Monday the Arizona Diamondback’s finally had enough of Trevor Cahill and designated him for assignment. This distinction means the club has one of three choices in the next 10 days; they can trade him, they can place him on waivers, or they can send him to the minors if he clears waivers. I am not sure if anyone will bite on him for a trade with his 1-6 record, 5.66 ERA in 4 starts and relief appearances 2014. If another team claims him off waivers the Diamondbacks must do one of the following with the claiming team; arrange a trade within two business days of the trade, they can pull the player off waivers canceling the claim and keep the player on their 40 man roster, or they can let the claim go through so that the claiming team then takes over the complete contract of the claimed player and pay the waiving team a waiver fee.
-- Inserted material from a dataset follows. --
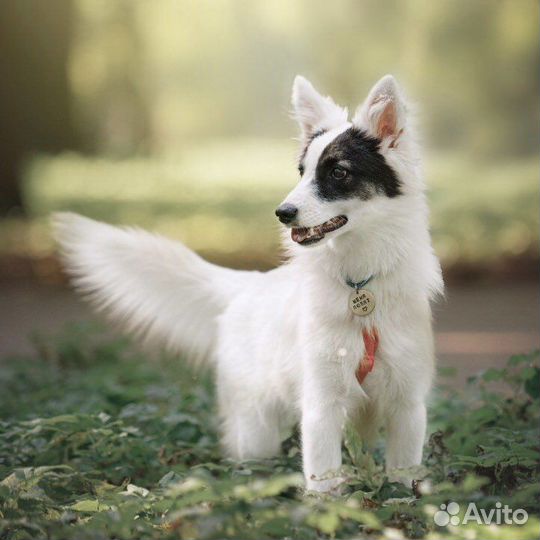 Собака в добрые руки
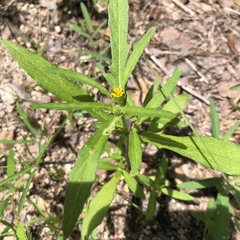 Melampodium strigosum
Therefore, based on the circumstances I believe the eventual result will be to send him down to the minors.
But, there is a problem with that, because of his service time Cahill does have the right to not accept the minor league assignment and become an outright free agent. “We’ve talked to Trevor at length, we talked to his advisor,” D-backs general manager Kevin Towers said. “There’s a game plan in place for what we’re ultimately going to do, but as of right now he’s just designated. Because of service time and where he’s at, there’s a lot of hurdles and hoops you’ve got to jump through. The reason I can’t be totally upfront is there are a lot of things that can still happen in the next couple of days. I hate to put the cart in front of the horse right now.”
Not only were there some interesting comments made from Kevin Towers, but there were some equally interesting comments made by Cahill. “The way I’m throwing right now I don’t know necessarily what the outcome of that would be,” Cahill said of electing free agency. “I just want to get back to being a starter and right now I’m not built up. I’m sure they’ve got a plan and I trust them and I feel like they’ll do right by me. They haven’t given me an indication that they wouldn’t. So I’m just going to do whatever’s best for the team. I like playing here. I want to stay here, but I want to get better and be the guy that I can be.”
It is at this point that I have a question. Who do you blame for this debacle, the Diamondbacks or Cahill? You see Cahill said he wanted to do what was best for the team. What is best for the team is for them to be able to get out of his contract, especially since he is performing so poorly. I love it when athletes say this kind of thing knowing that they are still going to get paid regardless. Cahill says he trusts that the Diamondbacks will do right by him. Really, what about you doing right for them? If he had any other job and he performed this poorly, he would be fired with no pay. How much is he owed, you ask? He is owed roughly $5.6 million for the remainder of this season and $12 million in 2015. The Diamondbacks also hold options for the 2016 and 2017 seasons with a first option buyout of $300,000. And lets say he does refuse to go to the minor leagues, then the Diamondbacks would be paying the majority of his salary for the next two years minus the contract his new team would be paying. I do realize the Diamondbacks did agree to that contract as well, but $12 million for a six-year pitcher with a career 62-63 record and a career ERA of 3.97 seems a bit much to me. The Diamondbacks signed him to a ridiculous deal, but Cahill has ridiculously underperformed. Who’s at fault for this dreaded designated for assignment?